Sunday, April 23, 2006

Una tarde corriente, no una tarde más.

Yo íba a ver el Barça, como de costumbre, rodeado de los amigos de cada día, de la gente del barrio, del perfume y de los colores que emanaba aquel sucio bar, que se consideraba lugar de encuentro de la gente del pueblo.

Sentado, escuchando voces lejanas de los más cercanos, no salía de mi asombro. Dos viejos hombres sentados casi juntos, respirando prácticamente el mismo aire, en las mismas sillas de metal que producían un leve dolor de espalda, esperaban el inicio del partido.
Uno, vestía unos tirantes de color negro, por encima de una camisa gris, quién sabe si de seda, con unos pantalones de pinza, que eran sin duda, la parte inferior de un caro traje. El otro, llevaba un tejano azul oscuro, que le apretaba las piernas y que, probablemente, le cortaba un poco la respiración, y una camisa de azules cuadros, que podía ser perfectamente de su hijo, por las dimensiones de ésta. También llebaba dos pendientes en la oreja izquierda, que brillaban como si fuesen de auténtico oro.

Sin duda, ambos habían vivido infancias muy diferentes años atrás, que ninguno de los dos, estaba dispuesto a abandonar.
El primero, comía unas patatas brabas, como aquel joven de 15 años que asiste por primera vez al bar con los amigos, y pide una tapa, diciéndoles, que en ese bar, son esquisitas. El segundo, disfrutaba de unos chocos que aparentaban ser esquisitos. Aún se podía ver el débil humo que salía del plato.

No se perdían ni un sólo instante de un partido que prometía en su inicio, pero que se iba apagando minuto tras minuto. Cuando decidían apartar la vista, sólo era para llevarse a la boca parte de sus apetitosas comidas y asegurarse una vez más, de que habían hecho la elección adecuada.
Y es que esos ojos aún eran jóvenes. Me provocó una inmensa tranquilidad y paz interior que hizo cerciorarme de que hay cosas que con el tiempo nunca cambian, y no hablo de fútbol precisamente, sinó de costumbres con los viejos amigos, de una cerveza bien fría que te hace recordar un momento exacto de tu vida, cuando estabas con aquella chica en aquel lugar al que no volviste jamás, pero que recuerdas con claridad.
Espero poder tomarme una cerveza con mis amigos todos los días de mi vida y que en cada uno de ellos, me brillen los ojos como le brillaban a esos dos ancianos que tocan el fin de sus vidas con la yema de los dedos.

Envejecer


No escuché aquel mensaje que dicen en las mejores películas de los 90: ¡no te acerques a la luz! Fué algo fugaz, dos instantes que en cambio, durarán una vida entera en mi recuerdo.

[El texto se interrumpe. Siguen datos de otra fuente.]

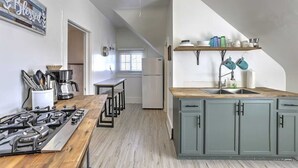 Una cocina con una mesa de madera, cocina a gas y armarios grises.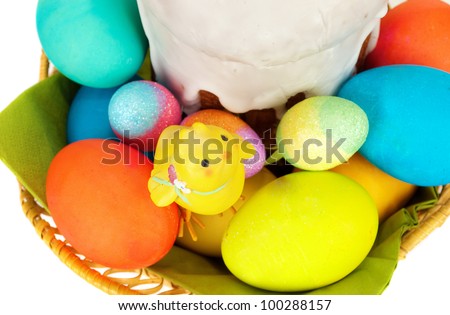 Easter cake with glace icing and colored Easter eggs and little chicken  isolated on the white.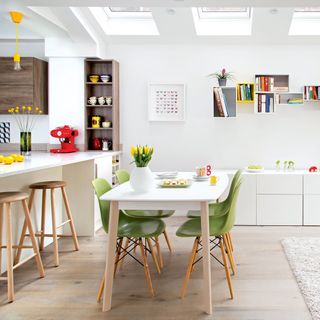 kitchen and dining area with white walls and dining table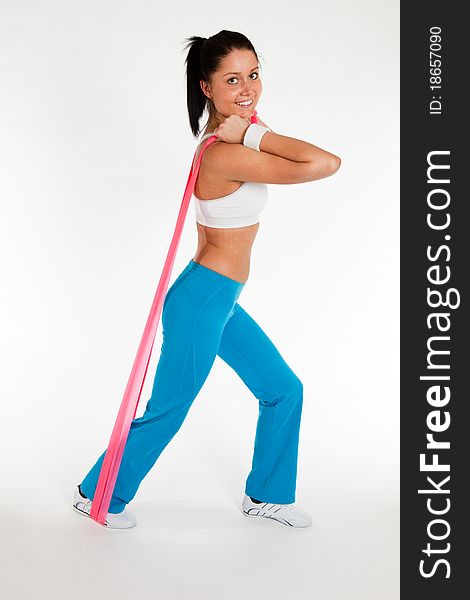 Young woman exercising with rubber ribbon, vertical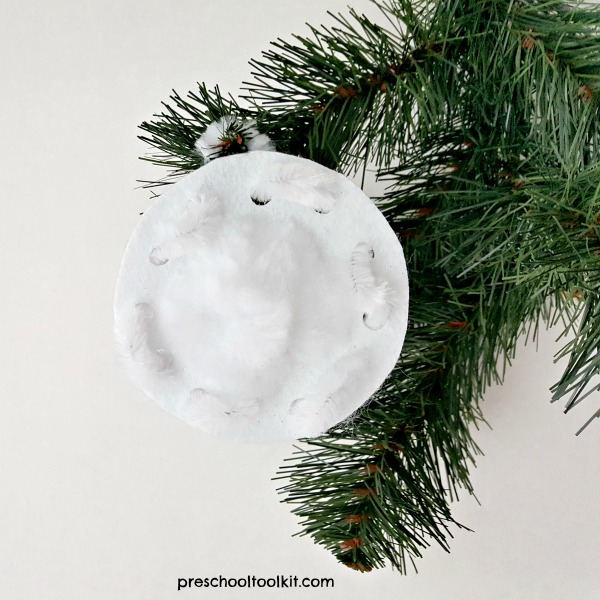 Kids can make a snowball ornament with craft foam and chenille stem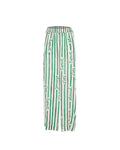 Pantalon June Vert Palmier – Tatiane de Freitas – pantalon de plage à taille haute,  jambes larges fluides, matière légère, poches, imprimé "Esprit d'été éternel", beachwear chic femme Lyon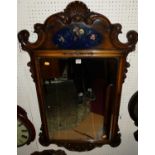 A Georgian style floral carved walnut and figured walnut framed rectangular bevelled wall mirror,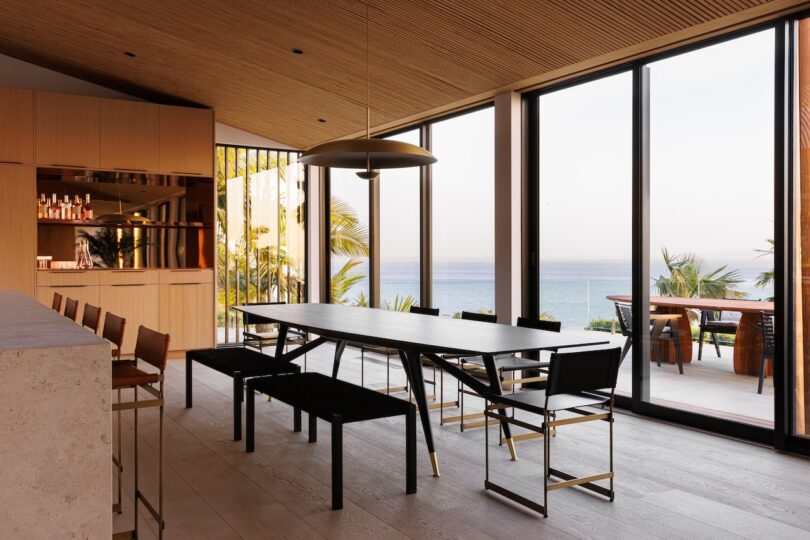 Modern dining room with a black table, minimalist chairs, large windows overlooking the ocean, and wood-paneled ceiling.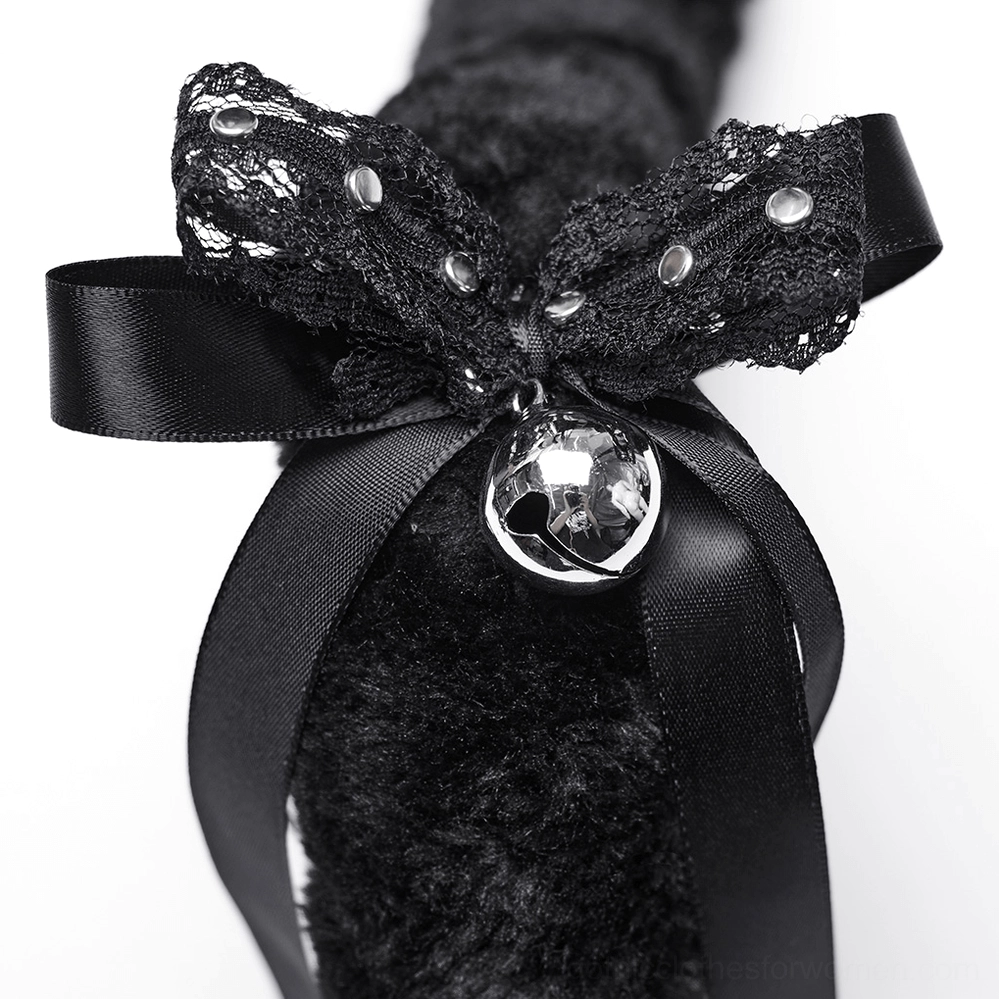 Close-up detail of black lace satin bow with metal rivets and dangling silver bell pendant on cat ear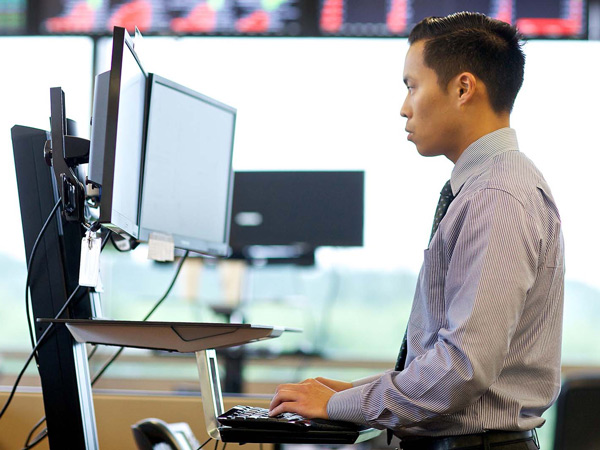 Man working at a standing desk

Desde ese instante no quise besar más, no quise mirar a ninguna otra chica, ni tropezar a la vuelta de la esquina y tener que ayudar a recoger los libros de derecho y ciencias políticas que llevaba entre los brazos y sus apretados senos, antes de chocar. No quise dejar ese momento porqué cuando rozas el cielo, no te importa ser egoísta y tozudo, a pesar de ser vulnerable.

Sólo me besó por cortesía.

Mientras trabajaba me acerqué a su mostrador, y ella aparentó sorprenderse a la vez que sonreía. En frente, tenía a una clienta cincuentona, que mientras hablaba por el móvil, le dejaba claro que aquello era puro trámite para conseguir lo que buscaba, y que no pensaba ser amable con una cajera de un gran centro comercial.
¡Una esúpida más! debió pensar Marta.

Cuando llegué a su lado, la señora de delante empezaba a retirarse, contándole, a su marido o amante, lo que había adquirido.
Yo no estaba para ver los clientes que íban pasando en orden. En realidad, no me importaba si llegaban a colarse y si discutían por ello.
Cuando me quise dar cuenta, aquel momento, llegaba a su fin. Ella, mostrando su blanca sonrisa una vez más, me deseó una rápida recuperación, y apartó la mirada de mi tez.

Ahora, cuando me percato de lo que sucedía para entonces, miro a mi alrededor, y veo que estoy sólo, frente a una vieja fuente. Aquella dulce chica ya no está en ese viejo mostrador, no tengo la pierna escayolada, y no volveré a sentir cómo se encoje mi corazón al ver un rostro cansado.

Pero qué risa, pienso, casi no sé ni apretar bien el botón para que salga el agua por el orificio oxidado de la fuente, qué risa. Cuando en verdad, no estoy bebiendo, lo que estoy haciendo en mojarme la cara para que no se note que estoy llorando, para que nadie sepa que el viejo tiempo se ha despedido de mi para siempre, dejando sólo un rumor de agua.

Pero qué risa, pienso mientras lloro.